Tens of thousands of steel workers in western Germany will get a 6.5-percent pay hike this year - the biggest jump in three decades - in a settlement that could set the tone for industry as inflation soars.

German steelworkers agree 6.5 percent pay hike after strike

The agreed increase would come into effect “from August 1st”, the IG Metall union in the region of North Rhine-Westphalia said in a statement Wednesday.

The 68,000 steelworkers in the industrial region would also receive a one-off payment of 500 euros for the months of June and July, the union said.

The outcome of the negotiations was “the biggest increase in wages in the steel industry in percentage terms in 30 years,” said IG Metall boss, Joerg Hofmann.

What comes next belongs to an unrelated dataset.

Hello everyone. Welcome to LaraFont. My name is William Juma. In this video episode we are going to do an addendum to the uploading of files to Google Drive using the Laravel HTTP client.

Germany’s largest union, IG Metall launched a strike action at steelworks in the west in May after management failed to meet its demands for an 8.2 percent pay increase.

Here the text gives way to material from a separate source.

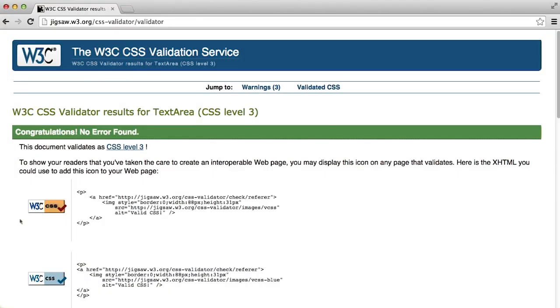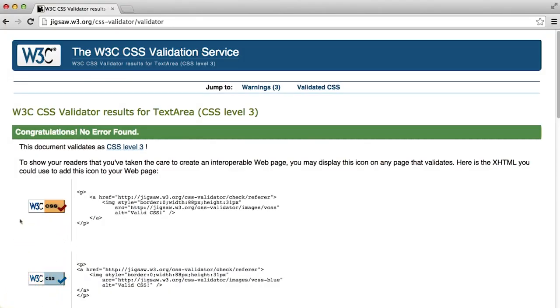And there are also icons you can show on your web page so that others know that your page complies with the standards.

On Thursday at the peak of the movement, around 16,000 workers across 50 firms downed tools, the union said.

READ ALSO: Should foreign workers join a German union?

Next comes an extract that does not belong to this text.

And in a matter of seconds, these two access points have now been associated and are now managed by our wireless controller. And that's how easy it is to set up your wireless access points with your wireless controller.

“Rising inflation” and the “good economic situation” of the steel industry were the basis for IG Metall’s demands.

Consumer prices rose at a 7.9-percent rate in Germany in May, a record for the country since reunification in 1990 driven by the outbreak of the war in Ukraine.

The smaller number of steelworkers in the east of Germany, who are also seeking an 8.2 percent pay boost, have yet to reach their own agreement.

Negotiations are currently taking place in a number of sectors. In the textile industry, 12,000 workers in the east of Germany sealed a 5.6 percent pay increase at the beginning of May.

Meanwhile, negotiations covering the auto industry, and mechanical and electrical engineering will begin in November.

Despite the agreed rise the onus was still on government to relieve the pressure on workers form rising prices “in the coming months”, IG Metall boss Hofmann said.

Significant wage demands have prompted concerns of a wage-price spiral, where rising pay sustains higher inflation.

The European Central Bank last week said it would raise its interest rates for the first time in over a decade this July as it seeks to stamp out price rises.